Anna est jeune, new-yorkaise, travaille dans l’édition, et s’ennuie déjà. Alors elle se laisse piquer par la curiosité et fait un grand saut, d’est en ouest, du vieux monde au nouveau : celui des jeunes pousses, de l’enthousiasme débordant, de la Silicon Valley.

L’Étrange Vallée est le premier livre d’Anne Wiener. Un récit initiatique de sa découverte d’un monde qui fascine, un monde qui détruit autant qu’il construit. Soudain, Anna découvre qu’elle a tout à portée de main : de l’argent (son salaire ne cesse d’augmenter), des goodies, une vie facile mais qui perd aussi de plus en plus de sens.

Car une fois entrée dans cet univers des startups de la Tech, Anna va explorer. Elle ne restera pas en place dans son entreprise mais en découvrira plusieurs, parfois indirectement. Ce qui gêne au début, c’est l’absence de noms, de marques, volontairement tues et décrites pas des périphrases. Exemples : « le réseau social honni de tous » cible clairement Facebook, « l’application de partage de photos » désigne Instagram, etc.

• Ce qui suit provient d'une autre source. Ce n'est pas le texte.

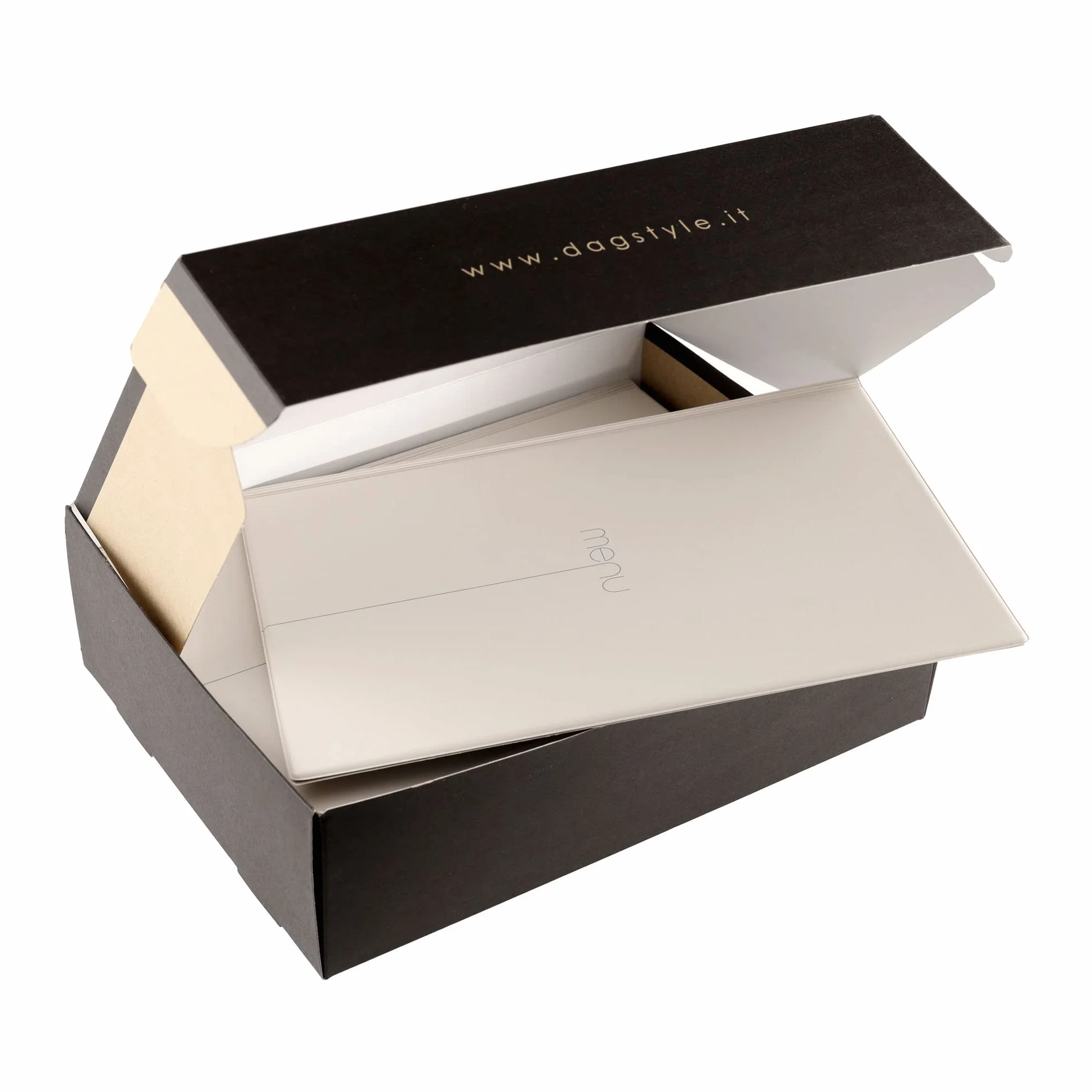 Dag Style Linea Risto Portamenús Caja de restaurante 10 piezas, formato A4, PVC, Made in Italy, Bolsas de plástico, Color Arena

C’est amusant quand c’est simple à deviner (comme lorsqu’elle rejoint la startup open source au logo en forme de chat-pieuvre, tous les développeurs auront reconnu Github), mais plus embarrassant lorsque l’on souhaite être certain de comprendre qui — ou quoi — est relaté dans le livre. D’ailleurs des lecteurs ont fini par regrouper leurs déductions dans un post Medium pour faciliter le suivi du récit.

L’Étrange Vallée n’est pas qu’une galerie de sociétés ou d’applications à la mode, c’est aussi une galerie du portraits. Certains semblent même de véritables clichés ambulants de San Francisco. Et pourtant, Anna Wiener ne déborde jamais : elle décrit avec une sincère naïveté, raconte sans ironie, explique avec candeur. Des réunions stupéfiantes où des carrières s’arrêtent en un instant, des déjeuners improbables, des pleurs, des coups de téléphone qui changent tout, comme celui qui fera de son nouvel ami Patrick Collison (CEO de Stripe) l’un des plus jeunes multi-millionnaires de son époque alors qu’ils marchent côte à côte dans la rue en rentrant de dîner.

Que retenir de L’Étrange Vallée ? La gentrification destructrice de San Francisco ? La finance qui gangrène les jeunes pousses de la Silicon Valley ? La déconnexion flagrante de ces employés de la Tech avec la réalité de la société qu’ils veulent changer (pour l’améliorer) ? Le livre est une histoire de désillusion, mais une désillusion conscientisée. L’aventure racontée par Anna Wiener s’achève en 2016 avec l’élection de Donald Trump, et l’on a déjà l’impression qu’une ère s’est écoulée depuis.

Depuis, Anna Wiener écrit : pour The New Yorker, pour The Atlantic, pour The New Republic… Elle écrit sur la Tech, sur la Silicon Valley « évidemment » pourrait-on dire. Elle a trouvé à travers ses expériences malheureuses le sens qui lui manquait dans son activité professionnelle. De l’amertume, quelque chose de très bien est ressorti.